L’Opéra de Manaus, folie en sucre d’orge des barons du caoutchouc, mars 2016

L’Opéra, bien sûr ! Folie en sucre d’orge des barons du caoutchouc, pharaonique, achevé en 1896, délaissé 15 ans plus tard suite à leur ruine (**), aujourd’hui Théâtre Amazone.
J’ai la chance d’y assister à deux concerts, tous deux sous la direction de Marcelo de Jesus, plein d’autant de fougue que de finesse et d’humour, élégance gracieuse, profil d’aigle ; il me fait penser à César Gattegno jeune.

Premier concert : Orchestre de chambre de l’Amazone. Peu féru de musique contemporaine, je suis étrangement en pays de connaissance : Arnold Schönberg dont, étudiant, j’allais découvrir l’œuvre à la Saarländischer Rundfunk, et dont j’écoute ici avec bonheur la production « de style ancien » (tonal) de l’exil américain ; György Ligeti, que j’avais mis à profit pour un montage audiovisuel sur la théorie de la relativité ; Arvo Pärt, dont j’ignore tout, mais dont le tintinnabulum présenté est un hommage à Benjamin Britten – sa Simple Symphony fut un de mes premiers disques. Aux premières notes, j’éprouve un choc : ceci, ici. La forêt est à deux pas, prête à nous engloutir, et la musique de Schönberg s'épuise comme un long cri. Je me sens déchiré : sous le charme et décalé.

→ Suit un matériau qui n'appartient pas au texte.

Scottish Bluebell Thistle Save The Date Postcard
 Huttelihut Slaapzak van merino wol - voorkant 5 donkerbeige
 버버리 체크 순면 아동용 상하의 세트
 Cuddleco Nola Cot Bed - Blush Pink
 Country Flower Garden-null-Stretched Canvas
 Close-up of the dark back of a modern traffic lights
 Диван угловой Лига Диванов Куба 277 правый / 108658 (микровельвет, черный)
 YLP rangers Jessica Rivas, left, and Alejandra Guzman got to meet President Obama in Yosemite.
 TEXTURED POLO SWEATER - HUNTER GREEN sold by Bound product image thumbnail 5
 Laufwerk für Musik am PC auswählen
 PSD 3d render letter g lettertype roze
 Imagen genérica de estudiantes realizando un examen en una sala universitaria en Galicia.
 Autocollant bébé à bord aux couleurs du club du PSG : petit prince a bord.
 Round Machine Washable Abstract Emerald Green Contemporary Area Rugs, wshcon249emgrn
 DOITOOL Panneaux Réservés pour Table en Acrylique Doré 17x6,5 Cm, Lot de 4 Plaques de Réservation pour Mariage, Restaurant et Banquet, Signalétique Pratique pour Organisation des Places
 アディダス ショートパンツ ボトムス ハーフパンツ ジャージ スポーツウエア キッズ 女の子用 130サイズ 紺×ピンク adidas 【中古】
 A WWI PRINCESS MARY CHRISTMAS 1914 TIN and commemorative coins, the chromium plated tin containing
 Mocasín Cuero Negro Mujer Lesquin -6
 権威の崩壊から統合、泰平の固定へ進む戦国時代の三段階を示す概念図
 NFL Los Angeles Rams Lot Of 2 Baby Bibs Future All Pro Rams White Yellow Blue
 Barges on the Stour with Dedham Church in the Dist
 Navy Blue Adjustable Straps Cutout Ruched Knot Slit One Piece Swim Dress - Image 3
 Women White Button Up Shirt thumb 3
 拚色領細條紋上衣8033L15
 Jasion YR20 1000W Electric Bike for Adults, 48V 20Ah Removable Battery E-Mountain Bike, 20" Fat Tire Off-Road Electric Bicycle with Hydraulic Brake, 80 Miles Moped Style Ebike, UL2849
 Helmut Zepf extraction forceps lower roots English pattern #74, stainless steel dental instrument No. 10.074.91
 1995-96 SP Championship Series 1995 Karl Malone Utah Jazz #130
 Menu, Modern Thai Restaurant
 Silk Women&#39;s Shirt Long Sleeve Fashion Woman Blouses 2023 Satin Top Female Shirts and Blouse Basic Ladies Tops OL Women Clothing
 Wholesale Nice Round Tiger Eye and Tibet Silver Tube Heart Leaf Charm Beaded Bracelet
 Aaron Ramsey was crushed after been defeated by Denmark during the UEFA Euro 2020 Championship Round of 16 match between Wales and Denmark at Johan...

À 300 m du Théâtre de l'Amazone, un îlot de forêt, prêt à ronger la ville et à l'engloutir... Avril 2016

Deux jours plus tard : l'Amazone Philharmonique. L’extase de la 40e de Mozart, dirigée avec beaucoup de subtilité et, lorsqu’il le faut, beaucoup d’énergie, par l’ample houle des bras de Marcelo de Jesus. Pour la 4e symphonie de Tchaïkovski, le Philharmonique est maintenant au grand complet, et c’est à la baguette que le regente déchaîne le tonnerre de la 4e. Ce n’est sans doute pas la plus belle œuvre du romantisme russe, mais qui pourrait trouver grâce après le divin Mozart ? Qu’importe : sous les dorures et les fresques de l’Opéra de Manaus, devant 500 auditeurs béats, sous l’œil du jaguar qui orne les programmes, la magie fonctionne encore : standing ovation.

Sous l’œil du jaguar qui orne les programmes... Mars 2016

Je suis entré au Théâtre devant une manifestation de soutien au PT et au gouvernement ; l’orateur chante et fait chanter la foule…
J’en sors pour aller comme chaque soir à la Caldeira, temple de la samba à Manaus. Là, je peux me trémousser sans retenue…
Soirée musicale.
Manaus.
De l'homme et de la forêt, qui viendra à bout de l'autre ?...

Jazz, Mário de Paula, peintre manauara, avril 2016

(*) 2 millions d’habitants en 2015.
(**) À partir de 1910, le caoutchouc de l'Amazonie s’effondre, après la transplantation de plants en Asie pour une exploitation à moindre coût.